Give back the exact lines of the material below from the one containing "A modern living" through the one containing "ホワイトボードの前で、要望書", and no pictures.

## Input
* * *

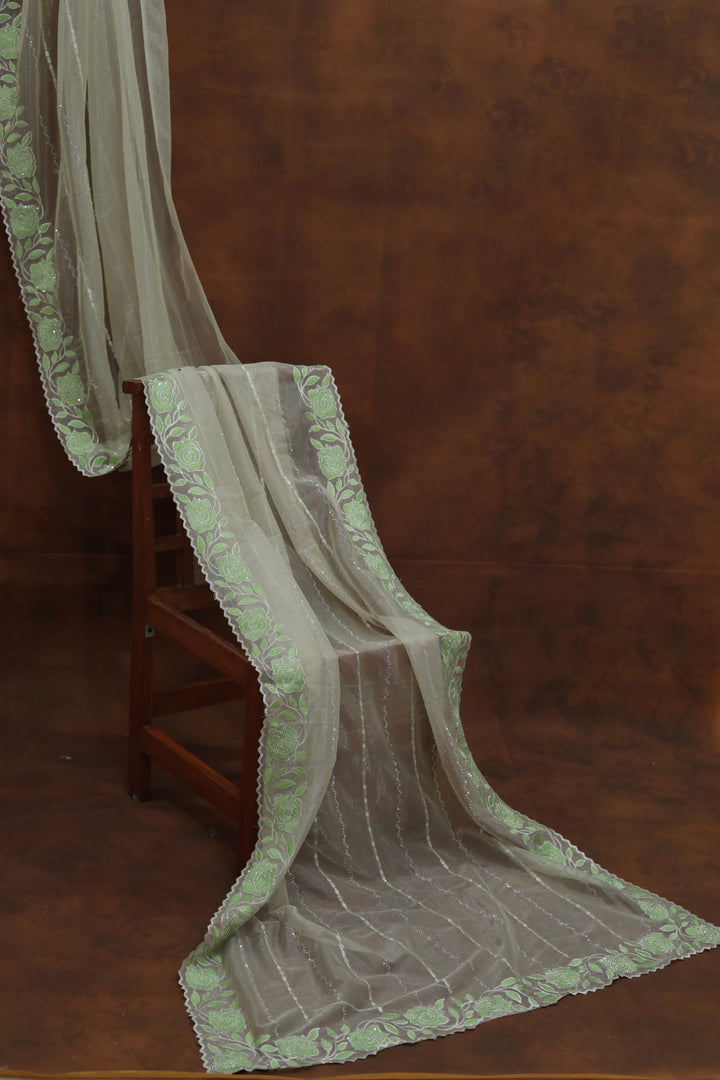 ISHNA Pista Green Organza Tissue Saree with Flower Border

* * *

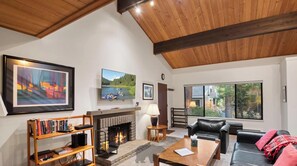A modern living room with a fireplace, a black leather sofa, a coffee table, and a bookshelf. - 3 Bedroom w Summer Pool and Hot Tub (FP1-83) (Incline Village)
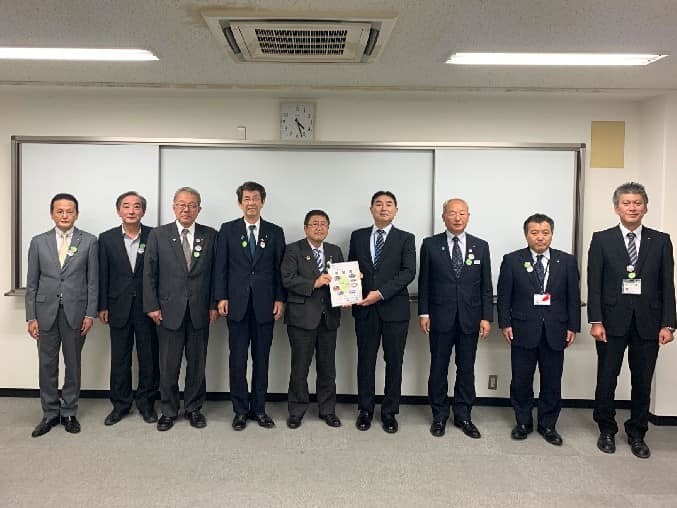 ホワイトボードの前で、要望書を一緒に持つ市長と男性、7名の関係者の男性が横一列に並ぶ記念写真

* * *

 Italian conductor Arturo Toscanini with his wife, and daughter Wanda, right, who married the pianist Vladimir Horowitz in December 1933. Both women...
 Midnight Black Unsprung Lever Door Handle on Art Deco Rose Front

* * *

## The completed task
A modern living room with a fireplace, a black leather sofa, a coffee table, and a bookshelf. - 3 Bedroom w Summer Pool and Hot Tub (FP1-83) (Incline Village)
 ホワイトボードの前で、要望書を一緒に持つ市長と男性、7名の関係者の男性が横一列に並ぶ記念写真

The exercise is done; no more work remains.